I’ve been trying to write more. Short fiction. I’ve entered a few contests so far with no expectations except for that of an imposed deadline. In the process, I’ve learned something about myself, something I do not like (an addition to a very long list): I seem to suffer from last-minute syndrome. I learn of a contest’s existence weeks–if not months–in advance, and yet, here I am again with nuggets of two potential ideas and deadlines looming just around the corner, i.e. this weekend.
The thing with writing is that there are no rules. Oh sure, there are tips and perspectives.
“This works for me, so it might work for you. Or not. But try it. Maybe.”
There are schools of thoughts.
“A story should be written in full in one sitting.”
“If you spend more than six months on a story without nearing completion, forget it… Except if you’re Harper Lee. Or Flaubert.”
There are even mathematical formulas.
“Take your draft + Cut off about 25% of it = Get final cut.”

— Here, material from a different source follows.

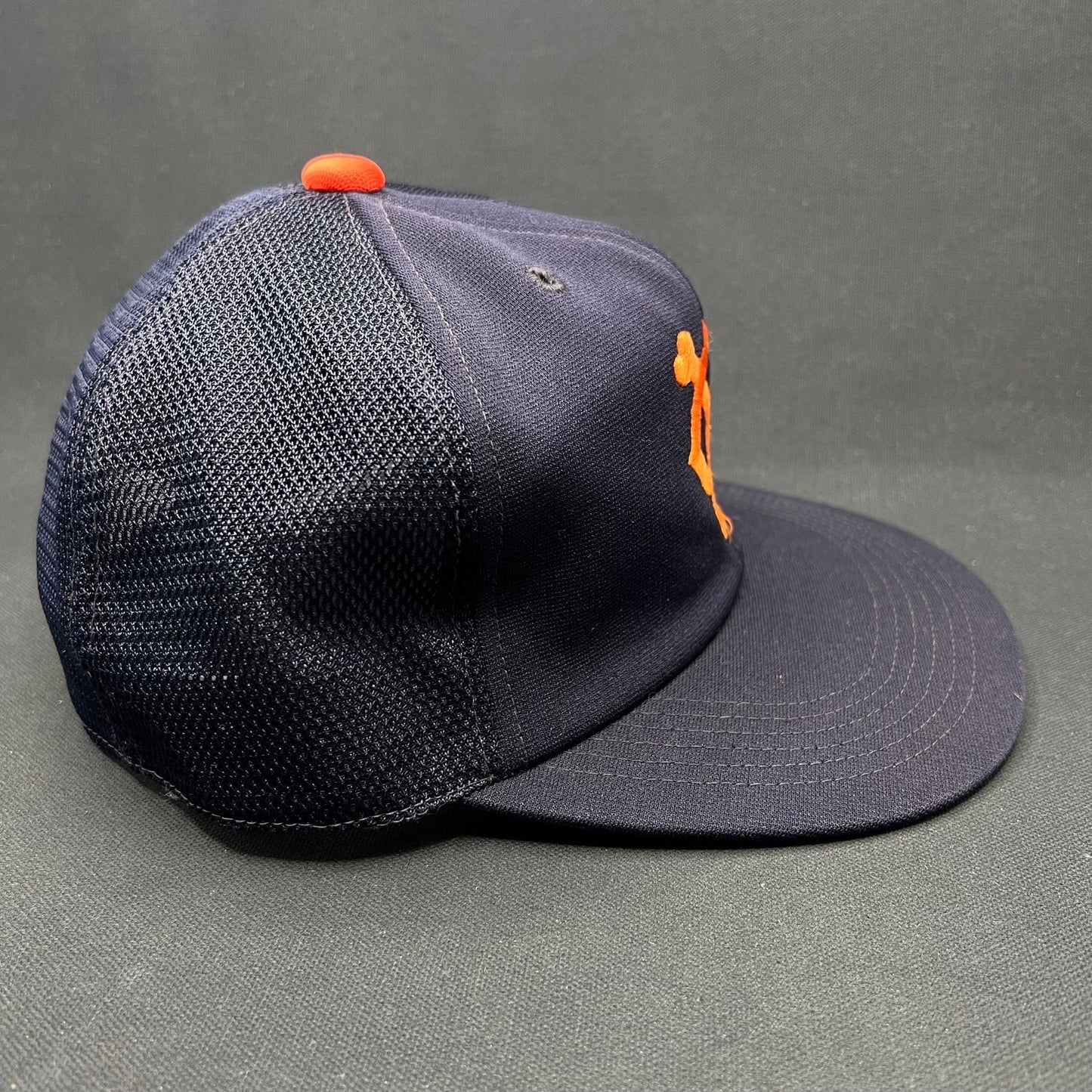 Vintage Yomiuri Giants Snapback Hat Mesh Trucker Japan Baseball Black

And here I thought I chose a career in letters to avoid the whole math thing!
I know distance is good; it could actually be key. You write it all down. You take a breather. You come back and you can see it for what it is and make the necessary cuts and additions to make it shine, or at least make it less dull. But when you suffer from last-minute syndrome, you lack the time required for distance. You rely on your first readers (and you drive them a little bonkers: “Got time to read this? I have to ship it in, oh, two hours. Swimming in time, right?”).
I’m left hoping that the cliché of practice makes perfect will turn out to be true; that the more I will write, the better I will be at getting started earlier and at completing a first draft at least a few days before a deadline.